Mais plus que tout, Oscar Wao s'inscrit en plein dans la tradition américaine d'un « roman familial » qui remonte à Hawthorne & qui n'a cessé de se réamorcer & de s'amplifier, voire de s'aseptiser par endroits – là je pense notamment aux auteurs d'atelier dont les ficelles sont de plus en plus visibles /prévisibles & dont on dirait que la famille est le principal fond de commerce... Arbre généalogique>>> famille bourge & banlieusarde qui s'emmerde (Ice Storm de Moody), famille dispersée (Les Corrections de Franzen), famille amnésique (Tourmaline de Joanna Scott, Inversion de Brian Evenson), famille pléthorique (Les Cent Frères de Donald Antrim), Famille poussée sur la route (Les Raisins de la Colère de Steinbeck), famille anarchiste & vengeresse (Contre-jour de Thomas Pynchon), famille ardente (Ada de Nabokov), famille assise devant la télé (Souvenirs de mon Père de Curtis White), famille en fuite (Motel Life de Willy Vautrin), famille monoparentale (La Conjuration des Imbéciles de John Kennedy Toole), famille psychotique (Toutes les Familles sont Psychotiques de Douglas Coupland... même si il est canadien), famille massacrée (De Sang-froid de Truman Capote), famille impossible (La Lettre Ecarlate de Hawthorne, Ma vie, Ma Vie Magnifique de Lydia Millet, Inversion de Evenson, tout Fante ???), famille juive (Roth, Singer), famille noire (Richard Wright), famille apatride (Thomas Wolfe), famille italienne (Fante), famille indienne (Irwin Welsh), famille allemande (Erdrich) & donc, aujourd'hui, famille dominicaine.

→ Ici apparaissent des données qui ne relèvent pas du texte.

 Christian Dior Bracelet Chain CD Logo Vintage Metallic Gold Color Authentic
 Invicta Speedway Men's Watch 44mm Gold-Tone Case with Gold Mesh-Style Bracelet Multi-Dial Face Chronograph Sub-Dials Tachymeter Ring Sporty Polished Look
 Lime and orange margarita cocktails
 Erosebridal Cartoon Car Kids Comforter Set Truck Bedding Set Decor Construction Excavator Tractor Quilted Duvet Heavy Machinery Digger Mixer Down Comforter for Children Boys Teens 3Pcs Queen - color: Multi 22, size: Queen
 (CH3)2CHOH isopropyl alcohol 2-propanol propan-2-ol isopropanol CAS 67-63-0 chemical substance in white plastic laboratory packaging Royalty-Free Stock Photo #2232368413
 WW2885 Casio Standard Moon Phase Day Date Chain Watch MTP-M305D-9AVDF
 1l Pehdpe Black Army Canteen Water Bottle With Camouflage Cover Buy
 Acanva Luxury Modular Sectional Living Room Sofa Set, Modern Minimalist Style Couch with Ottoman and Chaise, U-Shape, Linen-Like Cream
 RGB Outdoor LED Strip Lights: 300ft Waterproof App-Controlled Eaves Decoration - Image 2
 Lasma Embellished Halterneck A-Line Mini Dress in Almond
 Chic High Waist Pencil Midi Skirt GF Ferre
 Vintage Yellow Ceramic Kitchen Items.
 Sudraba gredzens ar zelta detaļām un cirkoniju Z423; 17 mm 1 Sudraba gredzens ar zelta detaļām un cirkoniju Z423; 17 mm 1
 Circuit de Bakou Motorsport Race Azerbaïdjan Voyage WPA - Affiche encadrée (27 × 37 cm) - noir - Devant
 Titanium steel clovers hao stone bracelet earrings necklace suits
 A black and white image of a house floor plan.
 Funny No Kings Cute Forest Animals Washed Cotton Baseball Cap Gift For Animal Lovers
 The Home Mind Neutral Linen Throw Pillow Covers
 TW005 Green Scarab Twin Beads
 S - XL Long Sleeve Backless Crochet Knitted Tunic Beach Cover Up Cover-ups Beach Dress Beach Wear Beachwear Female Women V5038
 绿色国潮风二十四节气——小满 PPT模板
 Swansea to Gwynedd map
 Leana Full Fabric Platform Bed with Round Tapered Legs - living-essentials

L'assimilation culturelle & historique à l'air de se faire toujours plus rapidement aux États-Unis que partout ailleurs & plus particulièrement chez nous où l'absurdité constitutionnelle se posait encore la question des bienfaits de la colonisation & de ce qui en a suivi. C'est un peu dommage parce que si on doit se contenter des romans de Faïza Guene pour en savoir un peu plus... Ça m'a toujours laissé sur le cul cette faculté à rendre immédiatement une expérience collective & traumatisante (que ça soit ressenti au niveau de la particule élémentaire ou à celui de la nation entière) dans n'importe quel mode (film, disque, livre) & réussir à intéresser la moitié du globe avec. Comment se fait il qu'on se passionne autant pour la mort de Marilyn Monroe ? Pour le bordel que quelques ritals de New York ou Chicago ont bien pu faire ? Comment se fait-il que j'ai vu au moins cinq fois JFK d'Oliver Stone avec le même plaisir ? Comment expliquer que mon cousin soit capable de faire un classement de ses films préférés sur la guerre du Vietnam alors qu'il ne connaît même pas la date de Dien Bien Phu où son grand-père à perdu une jambe ? Quand l'esthétique & la sublimation totale de la courte, très courte histoire d'un pays s'enfoncent dans notre inconscient culturel & collectif. Quand on peut lire le récit d'une famille d'immigrés dominicains en comprenant de quoi il s'agit & en parvenant à en apprécier la forme on peut aussi légitimement se demander : est ce qu'un film sur la guerre d'Algérie fera un jour le tour des salles obscures du monde entier ? Est ce que des bouquins sur l'attentat du petit Clamard se vendront comme des petits pains dans les librairies du Dakota ou feront l'objet d'une chronique sur un blog californien? Encore une fois je trouve ça fascinant, cette machine typiquement américaine à compacter Histoire, variantes sociales, flou politique & identitaire. Junot Díaz, inconsciemment ou pas, fait aussi partie de cette grande parade réflexive sur l'histoire de son pays, des gens qui y vivent & de l'attrait qu'ils font naître chez nous. Comme un bon livre sur une famille d'immigrés dominicains vivant à Patterson dans le New Jersey. Ni plus ni moins.
M.A.C.P.L.A.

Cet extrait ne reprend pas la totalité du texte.